P.S. I Love You – This sweet, funny and in a way slightly creepy film could easily have been a terribly smaltzy disaster. What saves it (well, almost saves it) is a really strong cast, solid art direction and a script with genuine wit and humour.
Shoot ‘Em Up – I love Clive Owen. I love Paul Giacometti. I love Monica Belluci. I hated this film. Nasty, silly and irredeemable in every way.
Sweeney Todd – Everything feels right here: the cast, the direction, the adaptation. If anything lets this film down it is the over-use of CGI, which almost borders on the Beowulf/300 school of graphic-novel-as-film look. The Brighton Pier scene is a classic piece of film-making.

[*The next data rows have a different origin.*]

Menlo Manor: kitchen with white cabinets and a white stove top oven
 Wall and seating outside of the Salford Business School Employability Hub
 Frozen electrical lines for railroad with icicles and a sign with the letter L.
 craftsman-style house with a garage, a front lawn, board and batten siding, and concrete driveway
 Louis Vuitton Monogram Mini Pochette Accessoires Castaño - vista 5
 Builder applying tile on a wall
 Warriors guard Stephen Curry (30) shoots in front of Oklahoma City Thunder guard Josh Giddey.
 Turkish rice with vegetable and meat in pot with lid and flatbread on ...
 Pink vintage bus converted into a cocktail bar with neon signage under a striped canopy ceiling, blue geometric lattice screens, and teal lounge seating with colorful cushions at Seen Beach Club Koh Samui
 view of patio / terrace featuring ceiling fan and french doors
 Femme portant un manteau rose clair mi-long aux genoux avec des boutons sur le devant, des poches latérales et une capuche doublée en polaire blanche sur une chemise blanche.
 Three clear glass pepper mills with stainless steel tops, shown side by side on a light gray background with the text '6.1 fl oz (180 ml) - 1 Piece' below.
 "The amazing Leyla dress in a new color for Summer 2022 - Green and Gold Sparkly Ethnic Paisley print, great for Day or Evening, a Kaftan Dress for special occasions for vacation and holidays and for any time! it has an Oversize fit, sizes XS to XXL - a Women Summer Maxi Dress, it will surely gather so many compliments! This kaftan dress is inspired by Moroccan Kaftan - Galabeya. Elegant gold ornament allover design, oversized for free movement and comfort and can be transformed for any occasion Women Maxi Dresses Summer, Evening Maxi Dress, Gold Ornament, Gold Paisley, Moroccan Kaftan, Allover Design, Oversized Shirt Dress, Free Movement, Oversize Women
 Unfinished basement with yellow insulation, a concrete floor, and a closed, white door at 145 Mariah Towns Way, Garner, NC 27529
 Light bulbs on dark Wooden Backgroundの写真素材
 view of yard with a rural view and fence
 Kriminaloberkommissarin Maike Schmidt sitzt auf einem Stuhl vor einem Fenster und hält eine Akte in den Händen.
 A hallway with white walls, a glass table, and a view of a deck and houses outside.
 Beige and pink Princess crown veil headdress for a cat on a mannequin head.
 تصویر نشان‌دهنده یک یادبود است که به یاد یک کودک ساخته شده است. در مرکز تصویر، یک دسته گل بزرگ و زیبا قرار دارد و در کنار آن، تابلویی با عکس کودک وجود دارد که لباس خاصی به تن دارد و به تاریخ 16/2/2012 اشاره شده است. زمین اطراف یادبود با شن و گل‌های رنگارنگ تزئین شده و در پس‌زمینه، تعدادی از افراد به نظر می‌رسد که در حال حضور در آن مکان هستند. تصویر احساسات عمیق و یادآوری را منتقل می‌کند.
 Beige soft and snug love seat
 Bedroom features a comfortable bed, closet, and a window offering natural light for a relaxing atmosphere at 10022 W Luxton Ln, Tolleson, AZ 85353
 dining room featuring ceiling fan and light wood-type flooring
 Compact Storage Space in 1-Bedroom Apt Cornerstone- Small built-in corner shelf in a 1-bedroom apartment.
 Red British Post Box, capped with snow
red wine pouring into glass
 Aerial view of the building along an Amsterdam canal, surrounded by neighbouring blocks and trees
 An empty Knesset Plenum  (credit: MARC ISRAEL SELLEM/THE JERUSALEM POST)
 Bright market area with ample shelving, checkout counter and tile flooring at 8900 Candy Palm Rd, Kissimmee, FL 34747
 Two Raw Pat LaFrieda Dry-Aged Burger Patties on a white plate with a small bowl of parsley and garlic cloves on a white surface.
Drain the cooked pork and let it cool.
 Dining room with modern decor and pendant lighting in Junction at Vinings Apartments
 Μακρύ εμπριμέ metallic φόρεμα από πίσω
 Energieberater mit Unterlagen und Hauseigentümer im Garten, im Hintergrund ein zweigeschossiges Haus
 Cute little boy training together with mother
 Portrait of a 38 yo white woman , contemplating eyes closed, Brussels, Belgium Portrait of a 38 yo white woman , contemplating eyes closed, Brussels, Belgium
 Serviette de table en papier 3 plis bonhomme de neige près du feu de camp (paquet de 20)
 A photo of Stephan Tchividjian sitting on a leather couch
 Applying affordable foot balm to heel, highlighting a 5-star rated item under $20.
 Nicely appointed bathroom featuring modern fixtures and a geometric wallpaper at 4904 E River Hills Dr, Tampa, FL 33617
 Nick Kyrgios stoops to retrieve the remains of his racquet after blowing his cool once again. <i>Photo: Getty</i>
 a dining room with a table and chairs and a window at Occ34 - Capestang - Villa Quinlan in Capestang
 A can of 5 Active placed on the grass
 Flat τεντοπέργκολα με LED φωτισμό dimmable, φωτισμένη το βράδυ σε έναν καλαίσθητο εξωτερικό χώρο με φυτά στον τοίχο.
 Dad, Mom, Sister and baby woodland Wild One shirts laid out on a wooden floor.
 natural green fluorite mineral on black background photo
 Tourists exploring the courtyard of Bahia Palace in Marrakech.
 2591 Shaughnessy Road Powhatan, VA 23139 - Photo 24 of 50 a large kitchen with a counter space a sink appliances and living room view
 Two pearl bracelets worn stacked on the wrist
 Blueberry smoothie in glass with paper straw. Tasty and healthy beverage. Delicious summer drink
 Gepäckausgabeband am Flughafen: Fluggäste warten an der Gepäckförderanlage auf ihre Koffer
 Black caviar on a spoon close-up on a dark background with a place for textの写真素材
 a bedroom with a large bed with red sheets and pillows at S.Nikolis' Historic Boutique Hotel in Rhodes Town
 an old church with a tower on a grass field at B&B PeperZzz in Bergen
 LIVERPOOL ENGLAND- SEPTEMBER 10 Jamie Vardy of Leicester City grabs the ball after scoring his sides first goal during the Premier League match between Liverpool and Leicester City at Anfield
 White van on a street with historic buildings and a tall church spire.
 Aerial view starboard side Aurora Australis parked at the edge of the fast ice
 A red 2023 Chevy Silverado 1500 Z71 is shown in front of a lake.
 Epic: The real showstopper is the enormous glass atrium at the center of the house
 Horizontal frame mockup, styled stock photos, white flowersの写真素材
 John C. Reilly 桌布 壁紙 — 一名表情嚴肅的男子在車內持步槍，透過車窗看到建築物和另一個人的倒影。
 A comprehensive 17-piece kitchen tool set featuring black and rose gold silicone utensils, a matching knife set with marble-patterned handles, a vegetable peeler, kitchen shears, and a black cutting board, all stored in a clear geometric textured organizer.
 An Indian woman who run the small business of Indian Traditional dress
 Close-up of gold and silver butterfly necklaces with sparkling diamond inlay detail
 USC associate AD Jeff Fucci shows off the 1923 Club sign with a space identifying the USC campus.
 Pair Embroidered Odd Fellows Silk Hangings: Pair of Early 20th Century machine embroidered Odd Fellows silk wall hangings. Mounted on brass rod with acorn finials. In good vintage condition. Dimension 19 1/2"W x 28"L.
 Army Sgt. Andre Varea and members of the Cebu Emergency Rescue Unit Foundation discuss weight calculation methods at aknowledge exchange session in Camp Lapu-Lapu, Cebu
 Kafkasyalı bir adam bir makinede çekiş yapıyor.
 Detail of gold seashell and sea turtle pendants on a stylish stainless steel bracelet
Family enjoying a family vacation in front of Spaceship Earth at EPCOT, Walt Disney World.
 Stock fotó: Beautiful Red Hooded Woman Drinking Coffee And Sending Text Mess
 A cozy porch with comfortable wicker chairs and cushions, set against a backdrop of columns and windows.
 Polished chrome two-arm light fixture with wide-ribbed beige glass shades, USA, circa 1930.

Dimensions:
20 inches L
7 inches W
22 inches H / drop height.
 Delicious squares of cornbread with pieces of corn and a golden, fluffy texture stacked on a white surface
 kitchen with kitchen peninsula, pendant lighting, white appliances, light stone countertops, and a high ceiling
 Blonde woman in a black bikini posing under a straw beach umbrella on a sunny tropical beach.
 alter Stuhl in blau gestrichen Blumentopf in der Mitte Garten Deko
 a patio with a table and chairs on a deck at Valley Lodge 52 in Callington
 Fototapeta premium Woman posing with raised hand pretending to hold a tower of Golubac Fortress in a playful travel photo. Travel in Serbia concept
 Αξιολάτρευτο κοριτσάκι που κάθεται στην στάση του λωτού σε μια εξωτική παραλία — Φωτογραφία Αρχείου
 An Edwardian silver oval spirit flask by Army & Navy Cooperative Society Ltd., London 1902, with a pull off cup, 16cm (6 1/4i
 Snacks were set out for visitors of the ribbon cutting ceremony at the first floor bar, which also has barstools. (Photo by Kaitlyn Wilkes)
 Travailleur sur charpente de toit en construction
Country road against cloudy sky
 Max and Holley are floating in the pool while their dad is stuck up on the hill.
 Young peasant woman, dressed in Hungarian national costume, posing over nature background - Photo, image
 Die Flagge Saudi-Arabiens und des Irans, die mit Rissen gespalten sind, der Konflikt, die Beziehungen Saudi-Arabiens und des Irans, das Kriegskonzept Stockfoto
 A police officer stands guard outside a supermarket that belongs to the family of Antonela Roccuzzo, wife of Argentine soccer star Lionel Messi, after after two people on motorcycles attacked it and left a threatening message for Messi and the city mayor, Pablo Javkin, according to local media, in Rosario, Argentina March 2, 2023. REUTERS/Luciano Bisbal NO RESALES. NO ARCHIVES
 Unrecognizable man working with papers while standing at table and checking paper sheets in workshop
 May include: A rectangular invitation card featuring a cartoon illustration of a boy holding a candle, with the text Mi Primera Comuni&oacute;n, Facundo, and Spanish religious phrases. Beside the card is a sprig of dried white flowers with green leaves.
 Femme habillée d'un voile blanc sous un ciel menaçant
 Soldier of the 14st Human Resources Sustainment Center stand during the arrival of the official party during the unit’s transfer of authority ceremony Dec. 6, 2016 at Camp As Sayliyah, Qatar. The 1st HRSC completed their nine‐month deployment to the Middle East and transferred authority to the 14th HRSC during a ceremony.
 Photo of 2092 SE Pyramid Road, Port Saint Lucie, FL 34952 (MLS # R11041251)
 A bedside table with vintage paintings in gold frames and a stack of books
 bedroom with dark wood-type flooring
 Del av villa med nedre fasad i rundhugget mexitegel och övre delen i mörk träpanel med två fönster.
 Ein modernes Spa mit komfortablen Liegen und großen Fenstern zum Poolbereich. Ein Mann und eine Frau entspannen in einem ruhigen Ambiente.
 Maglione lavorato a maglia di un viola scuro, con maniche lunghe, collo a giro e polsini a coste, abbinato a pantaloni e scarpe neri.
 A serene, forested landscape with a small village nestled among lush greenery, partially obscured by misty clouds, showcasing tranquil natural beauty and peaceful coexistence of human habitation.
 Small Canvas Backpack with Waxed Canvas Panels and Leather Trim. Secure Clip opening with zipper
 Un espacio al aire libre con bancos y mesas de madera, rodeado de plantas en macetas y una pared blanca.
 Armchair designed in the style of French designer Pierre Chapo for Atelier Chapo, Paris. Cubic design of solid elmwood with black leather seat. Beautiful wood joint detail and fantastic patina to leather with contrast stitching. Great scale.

The Diving Bell And The Butterfly – Julian Schnabel can’t seem to put a foot wrong; Basquiat and Before Night Falls are two of my favourite films. This film did not disappoint and in a lot of ways turned out to be one of the most richly satisfying movies I’ve seen this year. Solidly acted, wonderfully shot and directed with an almost relentless sense of the moral ambiguities of life. This is a great film from a great filmmaker.
The Orphanage – At times this film plays like a homage to Gullermo Del Toro’s best work, Pan’s Labyrinth and The Devil’s Backbone. Brooding, creepy, tragic and moving; this is a thoroughly worthwhile film.
3 Months Three Weeks 2 Days – Bleak, grimy and unnerving. It isn’t just the subject matter (abortion in Caucescu’s Romania), but the whole way relationships are infected with a kind of knowing dis-ease. Riveting stuff.
3.10 To Yuma – If you can stay focussed on Christian Bale’s fine performance you might be able to look past the contrived and often inchoate plot devices. Sadly, I wasn’t able to manage it.